Clinical trial reg. no. NCT01063127, clinicaltrials.gov.
Article Information
Acknowledgments. The authors thank Ralph A. DeFronzo for his useful comments in the draft of this manuscript, and all of the volunteers and staff who participated in this study.
Funding. This study was supported by an investigator-initiated and unrestricted research grant from F. Hoffmann-La Roche. A.G. received funding from the Ministry of Education, Universities, and Research (MIUR), project PREMIALE 2012.
Duality of Interest. No other potential conflicts of interest relevant to this article were reported.

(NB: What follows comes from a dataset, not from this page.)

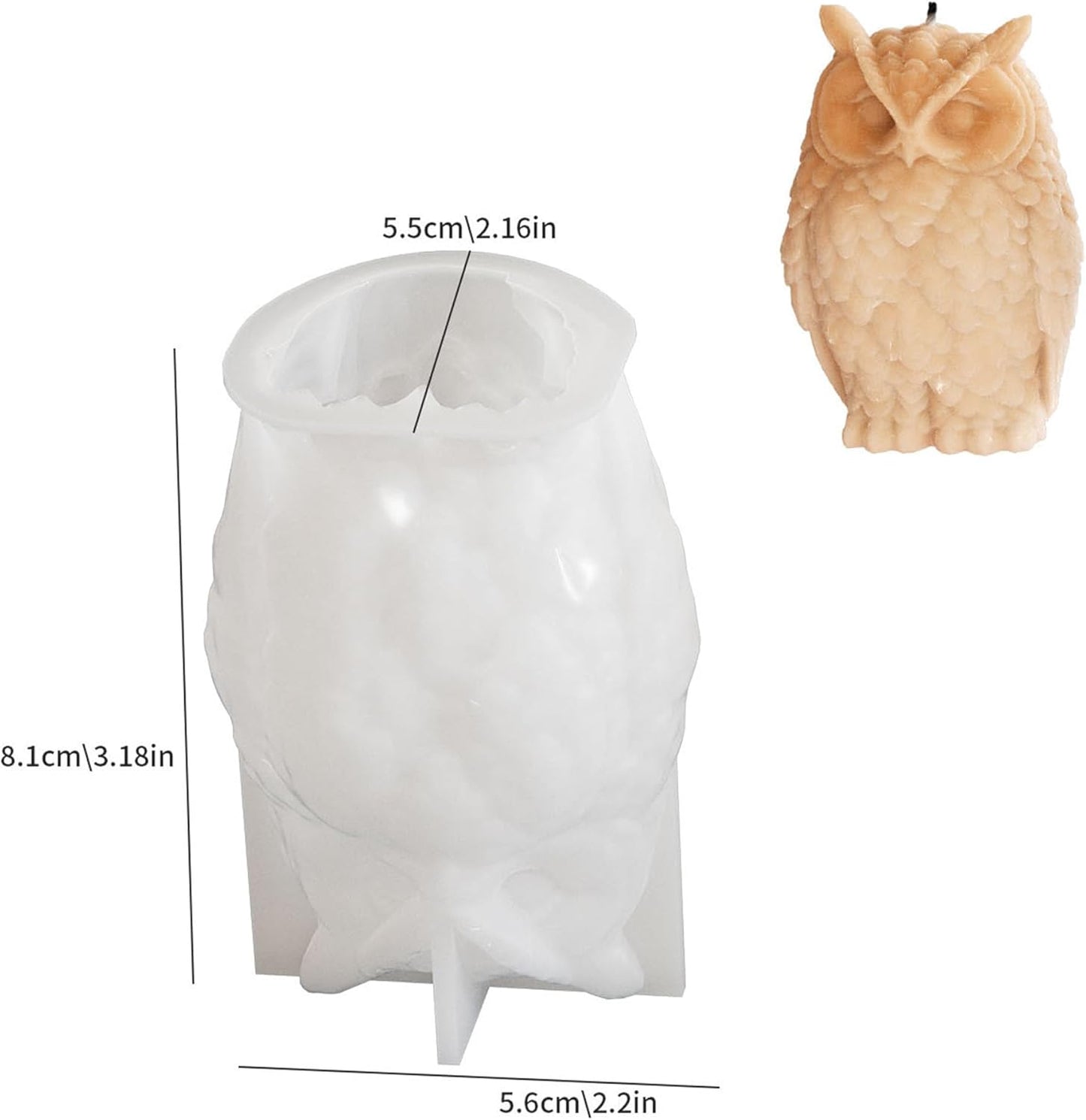 Animal & Owl Resin & Silicone Candle Mold Set - 3D Animal Mold for Home Decor & Candle Making
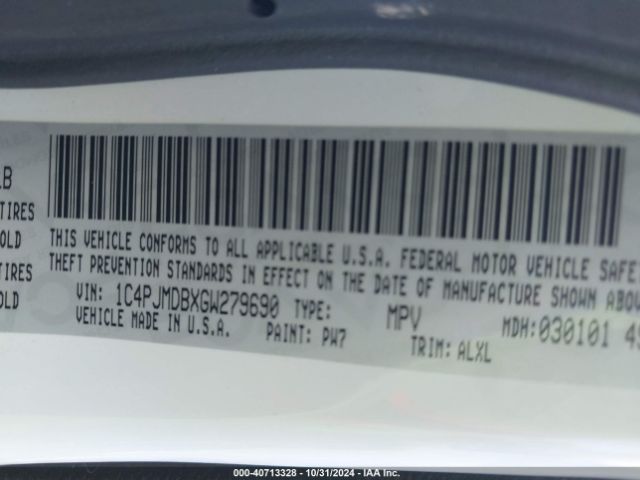 1C4PJMDBXGW279690 Jeep Cherokee Limited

Author Contributions. A.G. and G.M. contributed to the protocol concept and design, data analysis and interpretation, and drafting of the manuscript. A.I., A.V., and F.R. contributed to carrying out the studies and participated in the discussion of the results and drafting of the manuscript. M.G. contributed to data analysis, interpretation, and drafting of the manuscript. M.C.M. contributed important intellectual content and to the critical revision of the manuscript. All authors reviewed the manuscript prior to submission. A.G. and G.M. are the guarantors of this work and, as such, had full access to all the data in the study and take responsibility for the integrity of the data and the accuracy of the data analysis.